How to Organize a Banquet Program
A banquet is an event that brings people who participate in a common organization or who have a common goal together for dinner. Often through these events, banquet organizers celebrate an achievement or raise money for a cause. If you're charged with the job of putting together your organization's upcoming banquet, keep a few key details in mind as you embark on this project.
Develop a planning committee if you need help putting the banquet program together. You can assign each person to take charge of each event on the program you develop.
Determine the key attendees who will be honored or featured at the banquet. For instance, if you're throwing a fundraising event you must invite representatives of the organization that will receive the check.
Estimate the total number of attendees, including the honorees and your team, so that you can book a location to accommodate the group for dinner. Establish the price for tickets to your banquet (if applicable).
Establish a firm date and time for your banquet dinner that's consistent with the schedules of all key attendees.
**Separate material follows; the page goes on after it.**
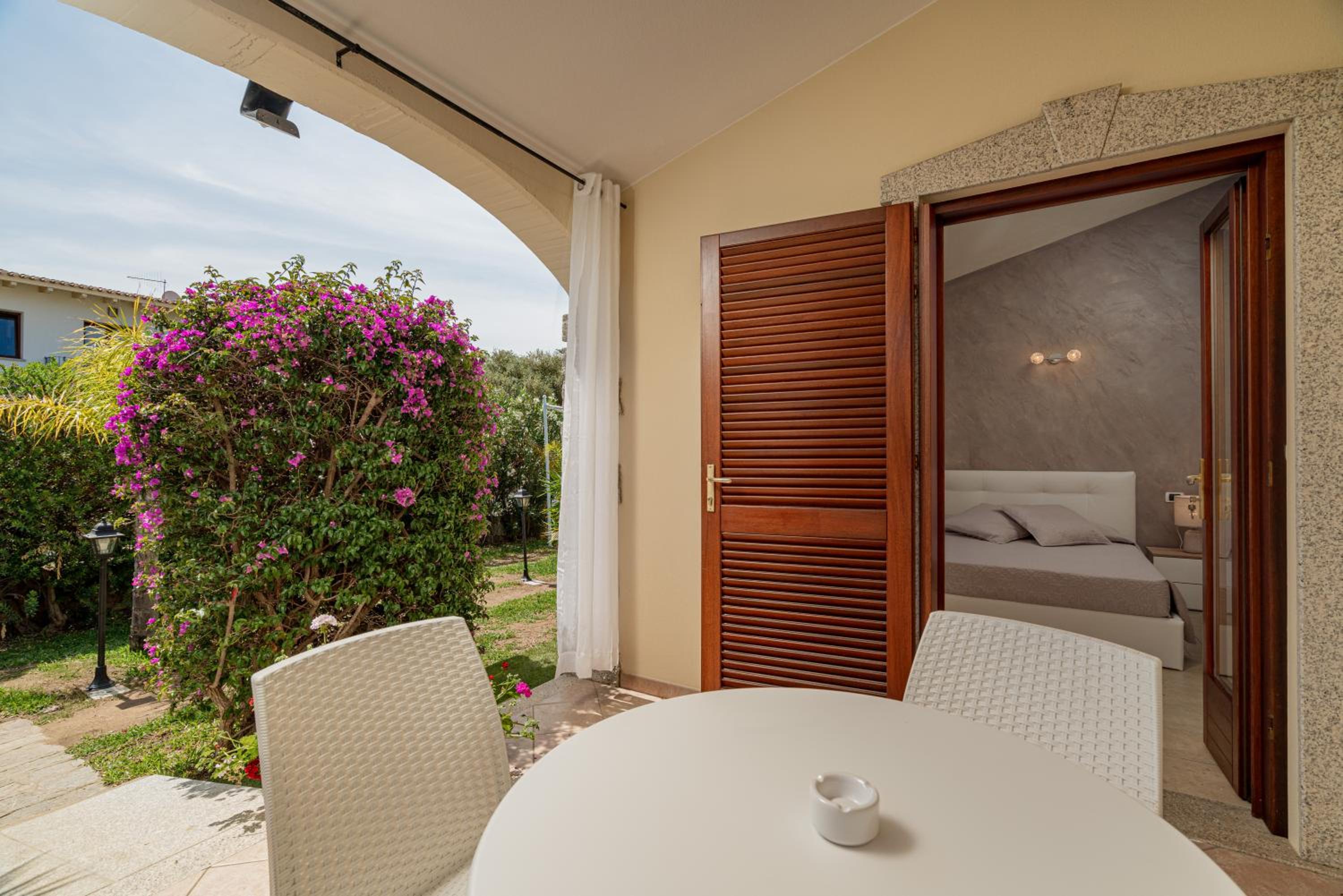 Deluxe Double Room With Balcony photo 3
Book a location and caterer for the date as soon as possible. Make sure you reserve equipment for the banquet as well, including a podium and microphone for speakers.
List the schedule of events with the help of your committee. Start with an introduction to welcome guests, then move on to key remarks from VIPs. Allow at least an hour block of time for guests to eat before the program begins. Identify the focus of the event and place it toward the middle of the schedule, followed by closing remarks. You can then fill in other key items you want to add to the schedule depending on your specific event.
Hire a graphic designer to create invitations to send to your intended list of invitees as well as tickets to distribute to paid guests. Ask the designer to create a printed program to distribute at the event once you have the schedule and key attendees confirmed.
Advertise the banquet if it is open to the public in your local paper, classified advertisements and on bulletin boards. Provide information about where guests can purchase and retrieve tickets as well as contact information for you or your banquet committee members.